- Poster
- Directed by: SVN Vara Prasad
- Written by: SVN Vara Prasad
- Produced by: N Surya Prakasa Rao
- Starring: Uday Kiran Richa Pallod
- Cinematography: Sarath Sameer Reddy
- Edited by: Shankar
- Music by: R. P. Patnaik
- Production company: SP Creations
- Release date: 30 August 2002;
- Running time: 133 minutes
- Country: India
- Language: Telugu

= Holi (2002 film) =

2002 Telugu film

Holi is a 2002 Indian Telugu-language romantic drama film written and directed by SVN Vara Prasad. It stars Uday Kiran and Richa Pallod in the lead roles.

== Plot ==
Kiran works at a software firm and lives with his supportive family, including his parents, brother, and sister-in-law, who strongly believe in the idea of love marriage. Inspired by their experiences, Kiran begins to see love marriage as an ideal. Meanwhile, Sandhya, whose full name is Akhilandeswari Sandhya Kumari, joins the same software firm. Kiran quickly falls in love with her and confides in his family, who enthusiastically support his feelings. Encouraged by their advice, he expresses his love to Sandhya during a Holi celebration in her village, Madanapalle. However, Sandhya, who does not believe in love before marriage, rejects his proposal, leading to a rift between them.

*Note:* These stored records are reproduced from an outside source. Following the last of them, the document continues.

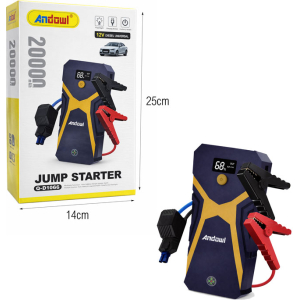 Alternative view of Andowl Φορητός Εκκινητής Μπαταρίας Αυτοκινήτου 12V Q-D1066 - Car Jump Starter
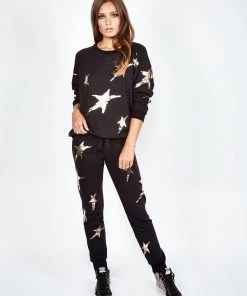 Lauren Moshi Bottoms Jess Foil Scribble Stars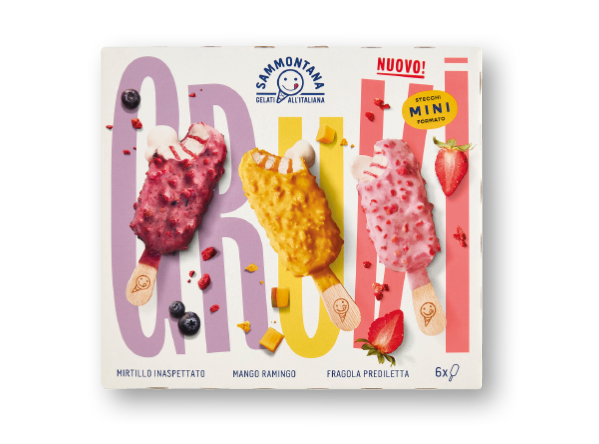 MINI STECCO GELATO GRUVI SAMMONTANA X6 VARI TIPI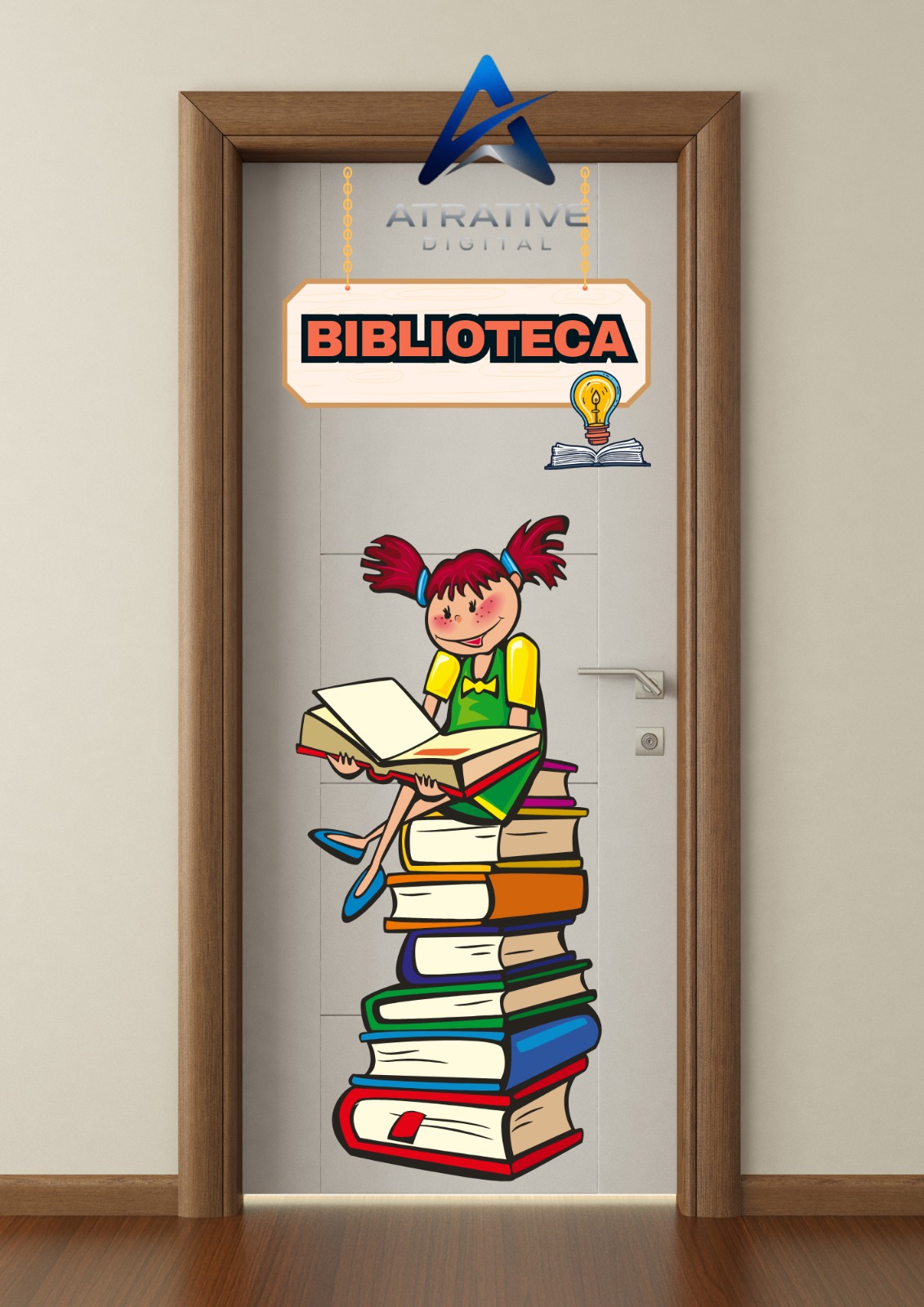 Imagem de 🎯 Painel porta Biblioteca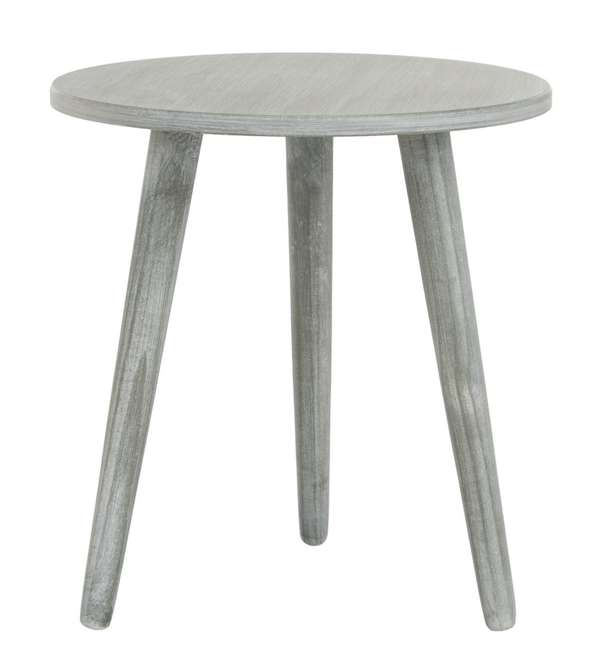 Orion Round Accent Table, 15.75" X 16.25", Slate Grey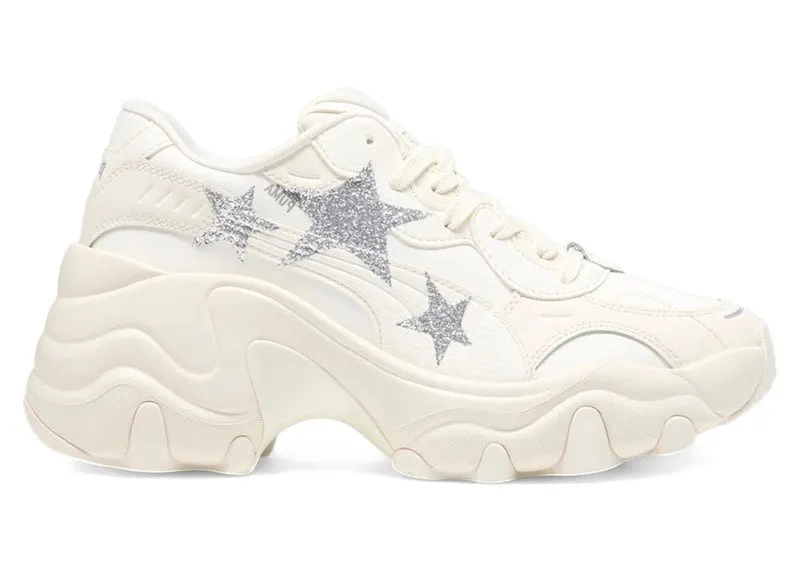 Puma Pulsar Wedge Star Frosted Ivory Silver | 398675-01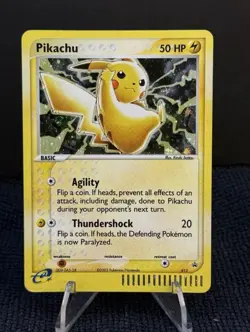 Pokemon Pikachu Black Star Promo 012 E-Reader Holo Card 2003 NEAR MINT+ WOTC LP - Image 1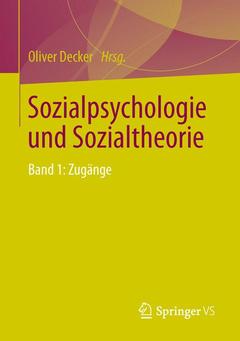 Cover of the book Sozialpsychologie und Sozialtheorie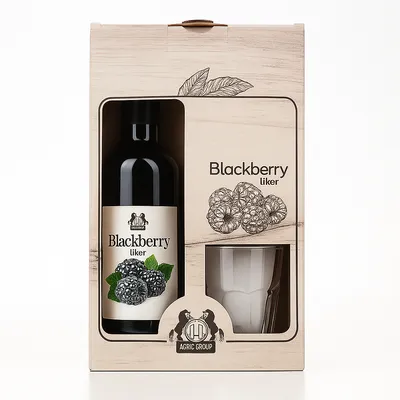 Blackberry Liker poklon set 0,7 L + čaša – Agro Group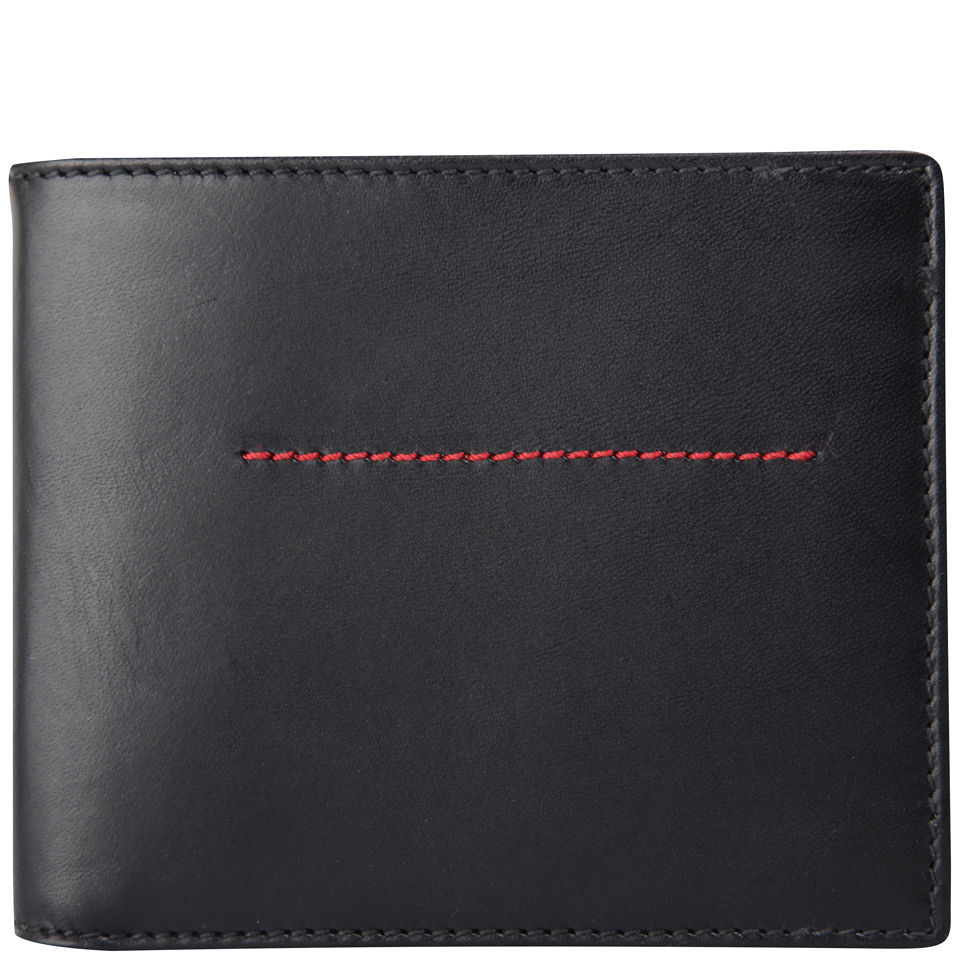 Bill Amberg Classic Leather Hip Wallet - Black/Red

As the story unfolds, Sandhya gradually develops feelings for Kiran. Complications arise when her marriage is arranged with someone else. The rest of the narrative follows Kiran's efforts to win her love and overcome the challenges posed by the impending marriage, ultimately leading to their union.

== Cast ==

- Uday Kiran as Kiran
- Richa Pallod as Sandhya / "Chinni"
- Brahmanandam as Ramakrishna
- Sunil as Raja
- L. B. Sriram as Sriram
- Banerjee chalapathi rao's friend
- Sudha as Lakshmi, sandhya's mother
- Chalapati Rao as Krishnam Raju, Sandhya's father
- Jaya Prakash Reddy as JP a.k.a. Jayaprakash, Vasanthi's father
- Giri Babu as Rama Chandra Murthy
- Chandra Mohan as Rama Chandrayya, Kiran's father
- Rajashree as Vasanthi, Kiran’s sister-in-law
- Sri Lakshmi
- Swetha
- Sumeet
- Kavithaas kiran's mother
- Raghu Kunche as Sekhar
- Rashmi Gautam as Shalu
- Mink Brar in the item number "Chamak Cham"

== Soundtrack ==
In an audio review, Sreya Sunil wrote that "RP Patnaik comes out with some impressive, some average to above average songs".

| No. | Title | Singer(s) | Length |
|---|---|---|---|
| 1. | "Ounani" | R. P. Patnaik |  |
| 2. | "Priyathama" | S. P. Balasubrahmanyam, K. S. Chithra |  |
| 3. | "Aadapillalu" | KK, Kavita Krishnamurthy |  |
| 4. | "O Cheliya" | KK, Sadhana Sargam |  |
| 5. | "Nee Manasu" | R. P. Patnaik, Sadhana Sargam |  |
| 6. | "Chamaku Chamak" | Suneeta Rao |  |
| 7. | "Life is Beautiful" | Uday Kiran, Anoop |  |
| 8. | "Chinthamani" | R. P. Patnaik, Sunil |  |

== Reception ==
The film was released to mixed reviews although the songs were praised. Jeevi of Idlebrain.com gave the film three and a half of five stars and praised the performances of the new age concept, lead actors, the songs, and the cinematography. Gudipoodi Srihari of The Hindu wrote, "This is another love story, but for a change deals with responsible love and happy ending". A critic for Telugucinema.com called Holi "an average-to-hit scale movie with so-so comedy and okay songs, mixed with neat cinematography in scenic locations. The movie can be a hit, or a good hit, because of the fact that the movie is a bit different from other movies of the same 'youthful love stories' genre".